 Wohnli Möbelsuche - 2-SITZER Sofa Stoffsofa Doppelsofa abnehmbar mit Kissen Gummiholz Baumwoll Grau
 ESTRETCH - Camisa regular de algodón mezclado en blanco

******************************

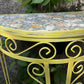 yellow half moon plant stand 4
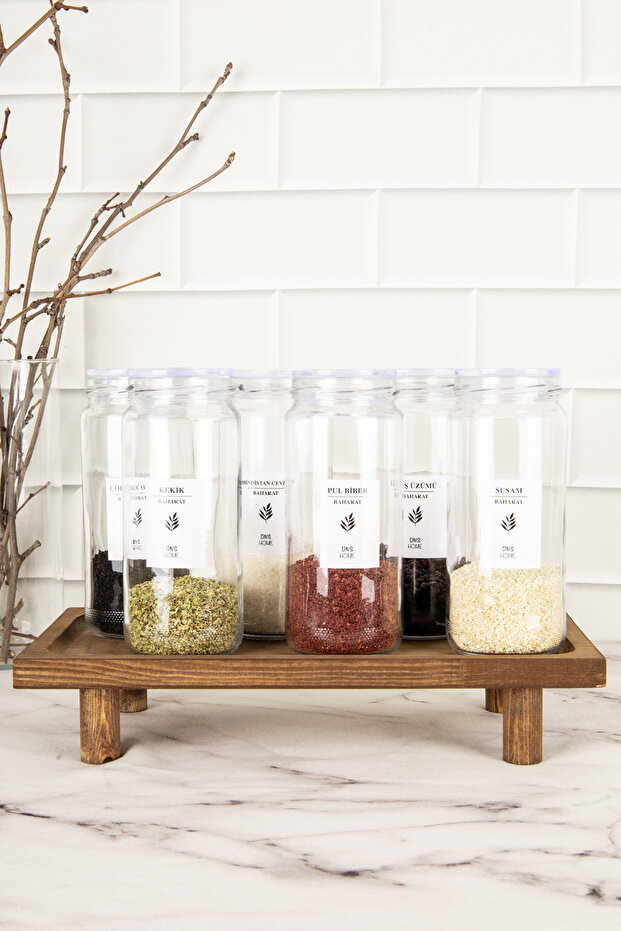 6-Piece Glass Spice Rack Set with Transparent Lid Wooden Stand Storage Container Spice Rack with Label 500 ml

******************************

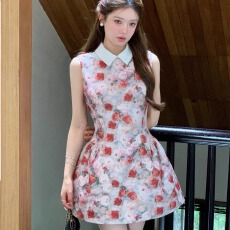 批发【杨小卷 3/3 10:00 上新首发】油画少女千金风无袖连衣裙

******************************

In the entries above, every line from the line with "yellow half moon plant stand 4" to the line with "6-Piece Glass Spice" is to be printed exactly, with both ends included and pictures excluded.

_RESULT OF THIS TASK:_
 yellow half moon plant stand 4
 6-Piece Glass Spice Rack Set with Transparent Lid Wooden Stand Storage Container Spice Rack with Label 500 ml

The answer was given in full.